Well I guess I'll break the ice. I'll let you guys guess the weight, but she sure was long. Unfortunately for me, the pic didn't do her much justice. You guys will have to compare her with the overall size of the livewell to get a good feel.


If this were a rockbass tourney, I'd be winning  Caught two huge ones today, which was great because we were out to catch lunch. In combo with some back straps, it was the manliest meal I've had in quite a while :lol:


----------



## lswoody (May 16, 2010)

Well here is mine, ain't much be here goes.


----------



## dyeguy1212 (May 16, 2010)

5 minutes... gulp... anyone else [-o<


----------



## S&amp;MFISH (May 16, 2010)

Here's mine


----------



## poolie (May 16, 2010)

Nice fish guys! Jim... where's your entry?

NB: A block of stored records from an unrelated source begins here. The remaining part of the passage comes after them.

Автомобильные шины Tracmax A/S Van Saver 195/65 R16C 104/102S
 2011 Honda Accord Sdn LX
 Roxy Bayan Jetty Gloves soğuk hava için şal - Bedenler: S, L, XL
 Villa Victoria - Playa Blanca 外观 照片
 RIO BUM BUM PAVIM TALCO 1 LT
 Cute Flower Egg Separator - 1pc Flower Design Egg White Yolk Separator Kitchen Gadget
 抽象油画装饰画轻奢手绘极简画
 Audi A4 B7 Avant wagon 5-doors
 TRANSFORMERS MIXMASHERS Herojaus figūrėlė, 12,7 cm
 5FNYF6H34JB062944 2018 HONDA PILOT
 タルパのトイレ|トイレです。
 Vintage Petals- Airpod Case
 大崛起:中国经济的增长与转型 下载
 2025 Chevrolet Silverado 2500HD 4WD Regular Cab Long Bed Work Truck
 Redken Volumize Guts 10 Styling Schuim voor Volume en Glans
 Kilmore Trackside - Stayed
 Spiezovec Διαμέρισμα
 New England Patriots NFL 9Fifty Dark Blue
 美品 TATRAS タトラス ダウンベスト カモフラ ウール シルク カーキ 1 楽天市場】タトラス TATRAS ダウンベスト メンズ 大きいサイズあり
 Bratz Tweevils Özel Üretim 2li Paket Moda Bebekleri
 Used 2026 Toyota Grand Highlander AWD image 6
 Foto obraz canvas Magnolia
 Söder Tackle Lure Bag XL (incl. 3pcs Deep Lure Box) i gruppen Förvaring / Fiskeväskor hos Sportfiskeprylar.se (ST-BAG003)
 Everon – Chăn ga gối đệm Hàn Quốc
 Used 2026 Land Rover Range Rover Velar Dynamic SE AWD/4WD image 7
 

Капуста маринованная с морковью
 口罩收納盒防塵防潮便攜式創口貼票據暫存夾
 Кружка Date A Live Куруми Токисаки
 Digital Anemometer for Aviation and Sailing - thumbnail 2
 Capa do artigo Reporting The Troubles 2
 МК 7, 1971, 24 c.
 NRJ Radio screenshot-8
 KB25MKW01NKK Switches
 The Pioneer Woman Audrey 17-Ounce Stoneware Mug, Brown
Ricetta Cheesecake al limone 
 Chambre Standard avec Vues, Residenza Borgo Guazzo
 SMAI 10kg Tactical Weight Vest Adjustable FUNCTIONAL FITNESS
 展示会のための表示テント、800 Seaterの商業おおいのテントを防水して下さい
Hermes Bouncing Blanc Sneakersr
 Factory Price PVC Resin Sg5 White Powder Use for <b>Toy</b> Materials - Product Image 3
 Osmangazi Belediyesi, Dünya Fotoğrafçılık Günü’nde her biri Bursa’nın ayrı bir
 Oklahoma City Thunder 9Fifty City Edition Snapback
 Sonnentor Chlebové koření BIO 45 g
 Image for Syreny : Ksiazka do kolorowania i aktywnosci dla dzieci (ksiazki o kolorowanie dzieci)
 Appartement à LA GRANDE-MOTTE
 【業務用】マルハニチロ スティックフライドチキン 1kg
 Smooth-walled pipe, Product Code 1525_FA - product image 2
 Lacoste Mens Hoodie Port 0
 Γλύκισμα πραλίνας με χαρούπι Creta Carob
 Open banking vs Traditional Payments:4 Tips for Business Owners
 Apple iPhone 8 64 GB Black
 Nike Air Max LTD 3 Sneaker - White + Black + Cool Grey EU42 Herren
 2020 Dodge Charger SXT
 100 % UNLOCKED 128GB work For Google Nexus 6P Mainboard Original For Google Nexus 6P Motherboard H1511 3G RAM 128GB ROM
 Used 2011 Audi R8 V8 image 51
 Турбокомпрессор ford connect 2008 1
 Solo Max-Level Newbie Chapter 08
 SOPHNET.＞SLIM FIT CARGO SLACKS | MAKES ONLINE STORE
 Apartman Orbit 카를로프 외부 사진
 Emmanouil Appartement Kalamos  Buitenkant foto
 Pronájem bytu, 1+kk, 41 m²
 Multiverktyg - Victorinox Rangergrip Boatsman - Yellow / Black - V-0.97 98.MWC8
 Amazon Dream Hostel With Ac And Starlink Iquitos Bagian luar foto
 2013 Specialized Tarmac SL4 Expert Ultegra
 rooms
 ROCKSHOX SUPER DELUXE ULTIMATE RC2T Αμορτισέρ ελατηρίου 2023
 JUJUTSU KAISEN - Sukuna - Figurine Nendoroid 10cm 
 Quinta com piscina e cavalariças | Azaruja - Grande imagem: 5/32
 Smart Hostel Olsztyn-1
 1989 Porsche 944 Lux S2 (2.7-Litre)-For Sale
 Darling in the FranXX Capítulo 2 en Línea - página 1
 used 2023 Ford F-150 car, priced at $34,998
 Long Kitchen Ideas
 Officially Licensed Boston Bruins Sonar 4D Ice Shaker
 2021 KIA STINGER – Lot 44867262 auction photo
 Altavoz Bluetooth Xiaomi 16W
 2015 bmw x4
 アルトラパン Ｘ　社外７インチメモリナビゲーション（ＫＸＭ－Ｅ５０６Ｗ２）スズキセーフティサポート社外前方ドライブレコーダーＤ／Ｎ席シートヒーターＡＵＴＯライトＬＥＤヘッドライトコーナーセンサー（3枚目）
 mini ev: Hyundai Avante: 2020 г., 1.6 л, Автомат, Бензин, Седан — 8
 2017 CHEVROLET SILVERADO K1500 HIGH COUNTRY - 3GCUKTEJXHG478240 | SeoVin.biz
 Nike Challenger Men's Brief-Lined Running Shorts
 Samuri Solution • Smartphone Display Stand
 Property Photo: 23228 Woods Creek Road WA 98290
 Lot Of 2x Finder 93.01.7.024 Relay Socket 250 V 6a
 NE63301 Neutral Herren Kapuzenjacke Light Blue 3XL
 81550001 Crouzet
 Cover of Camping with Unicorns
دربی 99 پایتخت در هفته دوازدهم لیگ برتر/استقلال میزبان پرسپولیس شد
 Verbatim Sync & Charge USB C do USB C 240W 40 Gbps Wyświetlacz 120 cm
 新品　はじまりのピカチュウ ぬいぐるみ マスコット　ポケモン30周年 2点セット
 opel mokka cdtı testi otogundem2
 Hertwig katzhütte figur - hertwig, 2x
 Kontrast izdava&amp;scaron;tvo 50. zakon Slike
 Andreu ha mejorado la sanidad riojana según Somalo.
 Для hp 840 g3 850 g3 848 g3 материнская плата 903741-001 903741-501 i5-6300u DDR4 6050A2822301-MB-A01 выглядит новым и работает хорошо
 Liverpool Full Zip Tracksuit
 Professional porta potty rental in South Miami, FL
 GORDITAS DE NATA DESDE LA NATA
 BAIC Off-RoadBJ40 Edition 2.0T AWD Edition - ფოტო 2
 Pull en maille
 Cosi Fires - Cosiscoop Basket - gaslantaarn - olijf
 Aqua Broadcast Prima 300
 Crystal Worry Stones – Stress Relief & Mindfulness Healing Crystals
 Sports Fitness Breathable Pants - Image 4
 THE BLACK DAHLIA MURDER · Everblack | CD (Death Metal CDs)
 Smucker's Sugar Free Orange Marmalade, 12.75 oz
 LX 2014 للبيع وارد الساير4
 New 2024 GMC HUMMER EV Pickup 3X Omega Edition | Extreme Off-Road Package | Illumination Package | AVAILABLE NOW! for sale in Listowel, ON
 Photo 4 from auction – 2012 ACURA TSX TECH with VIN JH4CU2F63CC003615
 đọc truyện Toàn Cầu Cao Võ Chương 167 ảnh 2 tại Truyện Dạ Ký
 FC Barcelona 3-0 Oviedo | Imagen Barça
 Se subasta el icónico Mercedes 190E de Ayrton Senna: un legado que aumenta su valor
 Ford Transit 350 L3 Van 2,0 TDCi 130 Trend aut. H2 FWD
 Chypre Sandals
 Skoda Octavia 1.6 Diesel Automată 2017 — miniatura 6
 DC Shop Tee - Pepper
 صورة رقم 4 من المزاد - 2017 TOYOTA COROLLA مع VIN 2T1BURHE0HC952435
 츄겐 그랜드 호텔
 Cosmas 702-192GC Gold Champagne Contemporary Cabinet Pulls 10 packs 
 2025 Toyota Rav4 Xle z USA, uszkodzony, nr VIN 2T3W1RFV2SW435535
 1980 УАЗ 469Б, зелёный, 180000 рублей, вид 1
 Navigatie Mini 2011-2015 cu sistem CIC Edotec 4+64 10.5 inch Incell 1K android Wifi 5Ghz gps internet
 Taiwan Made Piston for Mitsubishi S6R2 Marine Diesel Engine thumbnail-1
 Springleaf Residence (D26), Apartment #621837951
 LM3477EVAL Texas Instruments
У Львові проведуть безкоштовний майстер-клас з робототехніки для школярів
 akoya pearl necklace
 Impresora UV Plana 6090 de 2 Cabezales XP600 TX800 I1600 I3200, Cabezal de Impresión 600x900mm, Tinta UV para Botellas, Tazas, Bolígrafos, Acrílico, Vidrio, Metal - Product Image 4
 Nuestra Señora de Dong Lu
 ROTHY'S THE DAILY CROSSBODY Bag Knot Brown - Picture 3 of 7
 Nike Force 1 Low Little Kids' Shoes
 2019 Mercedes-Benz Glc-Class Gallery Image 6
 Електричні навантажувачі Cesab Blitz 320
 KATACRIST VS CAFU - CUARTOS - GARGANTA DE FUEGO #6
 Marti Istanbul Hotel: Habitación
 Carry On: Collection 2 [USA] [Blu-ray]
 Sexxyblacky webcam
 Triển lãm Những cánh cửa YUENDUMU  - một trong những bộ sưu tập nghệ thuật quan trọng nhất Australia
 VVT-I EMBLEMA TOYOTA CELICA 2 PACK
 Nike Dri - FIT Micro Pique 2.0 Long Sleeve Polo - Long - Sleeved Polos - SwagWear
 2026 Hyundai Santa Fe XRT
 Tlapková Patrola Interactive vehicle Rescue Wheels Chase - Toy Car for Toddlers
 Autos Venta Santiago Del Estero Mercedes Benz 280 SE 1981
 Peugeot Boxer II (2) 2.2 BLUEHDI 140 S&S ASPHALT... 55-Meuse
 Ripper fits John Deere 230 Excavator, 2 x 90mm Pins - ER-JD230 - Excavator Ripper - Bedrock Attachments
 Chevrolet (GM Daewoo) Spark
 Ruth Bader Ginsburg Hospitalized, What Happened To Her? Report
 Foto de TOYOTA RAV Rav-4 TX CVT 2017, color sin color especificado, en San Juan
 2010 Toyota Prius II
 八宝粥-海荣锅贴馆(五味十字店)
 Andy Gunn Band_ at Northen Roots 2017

Had the objective been to catch as many 8"-10" bass as possible, I would have no doubt won. They were schooling all over the lake and it was almost impossible *not* to catch one. 

Oh well, the Out of the Blue tournament got me out on the lake this weekend, and that was prize enough


----------



## dyeguy1212 (May 16, 2010)

S&MFISH said:


> Here's mine



Was that on time? Says 31 minutes ago, and its 8:33... :wink:


----------



## poolie (May 16, 2010)

dyeguy1212 said:


> Brine said:
> 
> 
> > I see the edit button
> ...



I think Jim must have disabled the ability to edit your posts on this thread because it is for the tournament. I see the edit button on all my other posts, just not here.


----------



## dyeguy1212 (May 16, 2010)

Ahhh that must be the problem.. I though I was losing it!


----------



## dyeguy1212 (May 16, 2010)

thought*


man I wish I could edit me posts.... :mrgreen:


----------



## dyeguy1212 (May 16, 2010)

my*

And no, that wasn't intentional. I'm done posting.


----------



## S&amp;MFISH (May 16, 2010)

According to the clock on my computer it was straight up 7;00pm.When it finally registered the post is up in the air.


----------



## lswoody (May 16, 2010)

S&MFISH said:


> According to the clock on my computer it was straight up 7;00pm.When it finally registered the post is up in the air.



I say you're good to go.


----------



## lswoody (May 16, 2010)

The rules say post by 8:00 pm eastern time, which is 7:00 your and my time. So you made it.


----------



## dyeguy1212 (May 16, 2010)

I don't really mind, cause I think I won either way :wink: . 


But by saying 8 Eastern, that normally means the tournament ends at 8pm eastern for the entire world, not 8 eastern, 8 central, and 8 pacific.


----------



## dyeguy1212 (May 16, 2010)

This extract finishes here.